BEGIN SOURCE MATERIAL

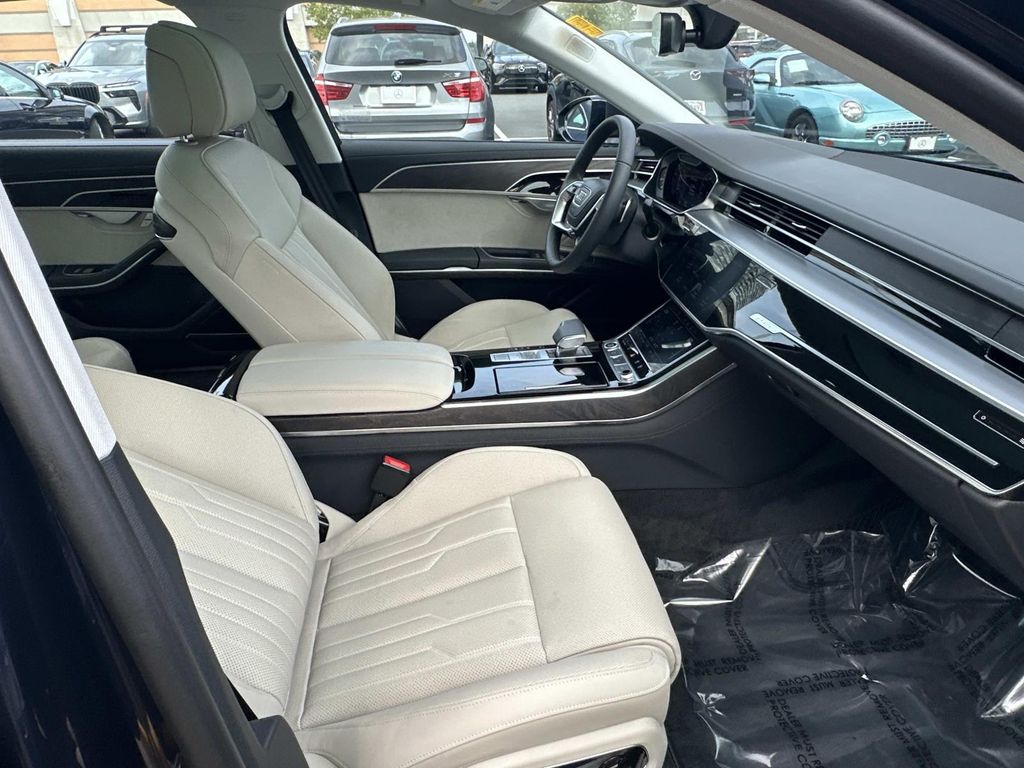Thumbnail: 2025 Audi A8 - 11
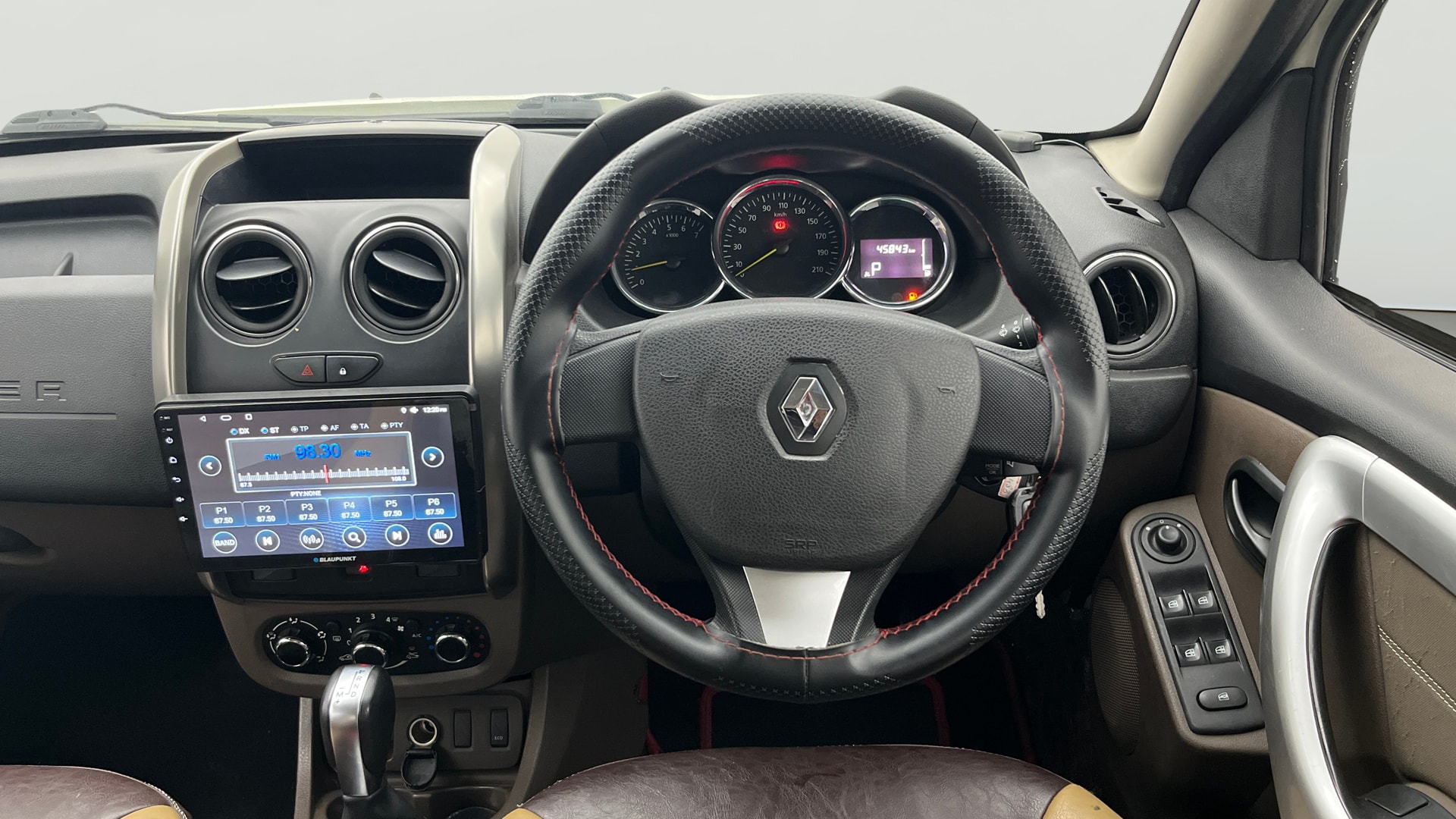 View 2019 Renault Duster Petrol RxS CVT Petrol Image 20 Used 2019 Renault Duster Petrol RxS CVT Petrol Image 20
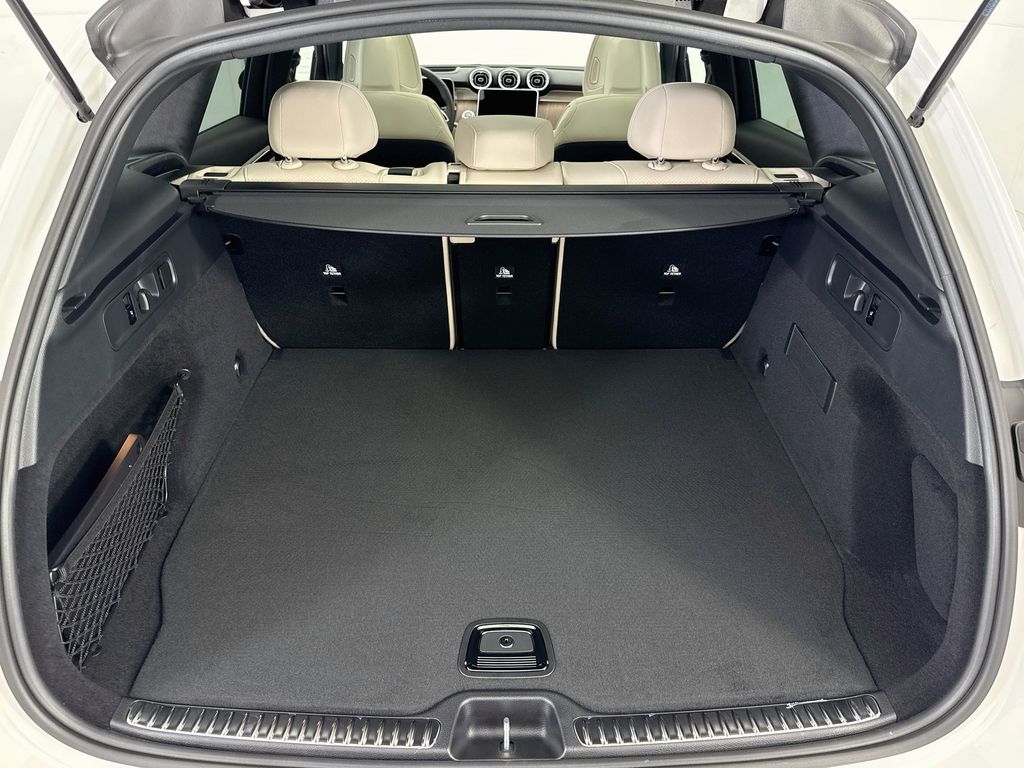 Thumbnail: 2027 Mercedes-Benz GLC - 28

END SOURCE MATERIAL

* WHAT TO PRODUCE:
What you give back must match the material word for word, with no images included.

* TASK RESPONSE:
Thumbnail: 2025 Audi A8 - 11
 View 2019 Renault Duster Petrol RxS CVT Petrol Image 20 Used 2019 Renault Duster Petrol RxS CVT Petrol Image 20
 Thumbnail: 2027 Mercedes-Benz GLC - 28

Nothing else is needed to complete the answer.